Los franquistas habían echado varias docenas de troncos explosivos al río. Y era difícil evitarlos. Todo lo que estaba en el río podía ser un blanco y saltar por los aires. Nadie podía evitarlo.
Impulsados por el agua, eran armas poderosas.
Un tronco impactó con un puente y saltó por los aires. Las tablas saltaron por todas partes. Incluso hombres destrozados.
Otro tronco chocó con una barca y explotó. Los gritos. El pánico.
El agua lo arrastraba todo. Los troncos remataban lo que se había salvado de la crecida. No había manera de escapar. Florencio y Cambero temieron haber llegado al final de sus vidas. Estaban casi seguros de no salir de allí.
Estaban preparados para luchar contra fusiles y cañones, no contra un río.
El agua avanzaba sin que nada pudiera detenerla, levantando espuma y una gigantesca polvareda. El río desbordado por una inundación incontrolada.
La atmósfera vibraba con el ruido aterrador de la crecida y las explosiones.
Los franquistas habían hecho una jugada sorprendente que, de ninguna manera, los republicanos esperaban. Ni siquiera los servicios de información habían imaginado algo así. La sorpresa era, posiblemente, su mayor aliado.
En pocos instantes, hombres, carros, camiones y caballos que relinchaban desesperados desaparecieron en la corriente. Arrastrados, ahogados. Sin recibir ayuda.

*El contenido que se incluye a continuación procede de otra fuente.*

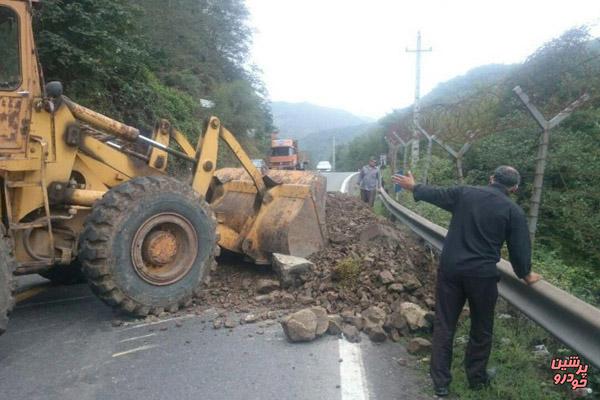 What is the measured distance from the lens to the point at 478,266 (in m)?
3.78

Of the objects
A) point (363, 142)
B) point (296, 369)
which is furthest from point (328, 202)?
point (363, 142)

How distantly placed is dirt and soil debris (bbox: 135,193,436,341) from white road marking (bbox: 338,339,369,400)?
0.19 meters

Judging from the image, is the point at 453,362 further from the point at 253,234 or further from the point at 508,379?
the point at 253,234

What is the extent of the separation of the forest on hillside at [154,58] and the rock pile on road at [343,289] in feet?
14.6

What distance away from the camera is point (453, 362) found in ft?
13.6

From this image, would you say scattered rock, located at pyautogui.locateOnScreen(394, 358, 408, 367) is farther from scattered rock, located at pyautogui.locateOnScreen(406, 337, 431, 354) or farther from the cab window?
the cab window

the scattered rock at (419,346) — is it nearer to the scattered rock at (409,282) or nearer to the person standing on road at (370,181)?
the scattered rock at (409,282)

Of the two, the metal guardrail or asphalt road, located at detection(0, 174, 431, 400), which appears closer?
the metal guardrail

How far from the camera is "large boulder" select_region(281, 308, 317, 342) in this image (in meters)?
4.50

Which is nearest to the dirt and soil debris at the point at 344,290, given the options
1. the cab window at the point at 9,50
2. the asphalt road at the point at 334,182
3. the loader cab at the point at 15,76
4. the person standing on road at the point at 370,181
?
the loader cab at the point at 15,76

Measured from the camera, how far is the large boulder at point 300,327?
14.8ft

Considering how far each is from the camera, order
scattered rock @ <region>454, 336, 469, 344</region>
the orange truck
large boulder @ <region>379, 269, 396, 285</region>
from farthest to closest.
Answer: the orange truck → large boulder @ <region>379, 269, 396, 285</region> → scattered rock @ <region>454, 336, 469, 344</region>

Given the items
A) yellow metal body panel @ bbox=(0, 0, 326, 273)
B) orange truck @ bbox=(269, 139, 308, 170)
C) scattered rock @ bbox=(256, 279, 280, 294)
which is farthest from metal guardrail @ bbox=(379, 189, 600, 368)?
orange truck @ bbox=(269, 139, 308, 170)

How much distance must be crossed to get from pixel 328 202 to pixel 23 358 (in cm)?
798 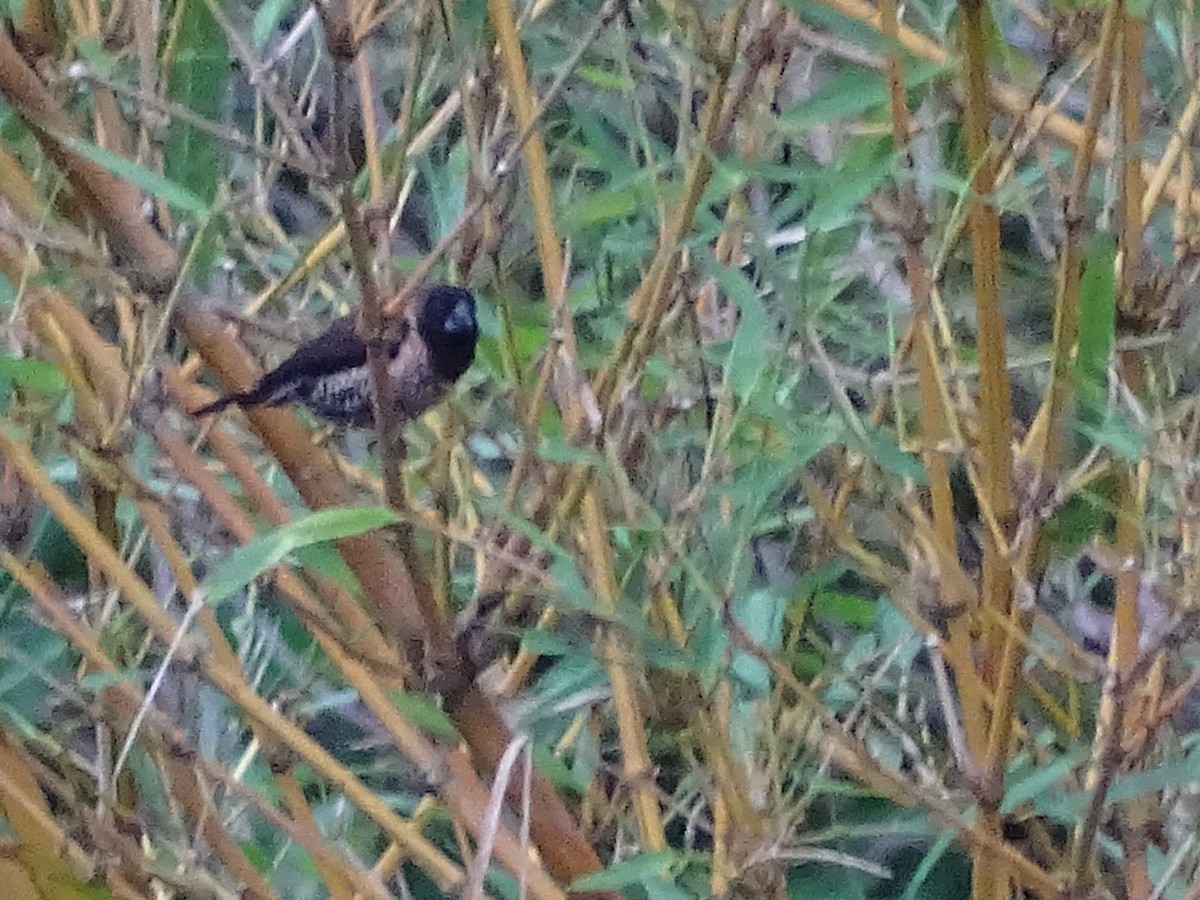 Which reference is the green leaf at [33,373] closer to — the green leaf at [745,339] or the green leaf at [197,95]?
the green leaf at [197,95]

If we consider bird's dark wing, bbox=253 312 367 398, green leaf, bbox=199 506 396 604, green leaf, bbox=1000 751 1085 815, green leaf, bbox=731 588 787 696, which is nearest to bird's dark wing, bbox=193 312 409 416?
bird's dark wing, bbox=253 312 367 398

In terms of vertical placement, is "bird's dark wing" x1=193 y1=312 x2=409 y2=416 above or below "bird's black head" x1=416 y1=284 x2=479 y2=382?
above

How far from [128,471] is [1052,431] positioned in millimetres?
362

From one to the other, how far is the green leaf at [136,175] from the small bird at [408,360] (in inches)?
7.6

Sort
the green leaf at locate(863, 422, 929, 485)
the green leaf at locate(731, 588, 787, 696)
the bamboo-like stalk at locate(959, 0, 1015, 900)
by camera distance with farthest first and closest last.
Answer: the green leaf at locate(731, 588, 787, 696) → the green leaf at locate(863, 422, 929, 485) → the bamboo-like stalk at locate(959, 0, 1015, 900)

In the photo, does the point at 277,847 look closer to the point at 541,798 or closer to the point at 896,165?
the point at 541,798

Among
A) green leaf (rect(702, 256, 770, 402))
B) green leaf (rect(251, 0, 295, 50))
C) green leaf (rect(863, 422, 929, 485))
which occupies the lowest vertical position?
green leaf (rect(863, 422, 929, 485))

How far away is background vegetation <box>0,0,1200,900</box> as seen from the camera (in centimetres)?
52

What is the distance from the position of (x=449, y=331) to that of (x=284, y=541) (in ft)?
1.14

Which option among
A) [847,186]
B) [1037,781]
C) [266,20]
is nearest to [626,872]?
[1037,781]

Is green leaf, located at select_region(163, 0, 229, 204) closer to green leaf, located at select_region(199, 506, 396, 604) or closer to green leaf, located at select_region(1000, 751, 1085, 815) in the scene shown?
green leaf, located at select_region(199, 506, 396, 604)

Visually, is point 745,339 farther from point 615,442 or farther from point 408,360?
point 408,360

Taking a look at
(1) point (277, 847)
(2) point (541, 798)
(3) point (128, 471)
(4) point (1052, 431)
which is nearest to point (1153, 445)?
(4) point (1052, 431)

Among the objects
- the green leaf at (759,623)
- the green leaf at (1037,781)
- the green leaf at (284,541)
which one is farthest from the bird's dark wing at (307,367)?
the green leaf at (1037,781) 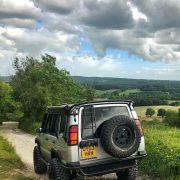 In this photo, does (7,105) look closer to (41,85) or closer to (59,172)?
(41,85)

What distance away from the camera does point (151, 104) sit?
355ft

Florencio agarró con fuerza a Cambero, que había perdido el conocimiento. Y se apoyó entre dos rocas del río, haciendo fuerza con los pies y la espalda, como si estuviera encajado.
Sin más, el agua cubrió a los dos hombres de un latigazo.
Mientras escuchaba las explosiones, Florencio vio dos metros de agua sobre él y pensó que había llegado su fin.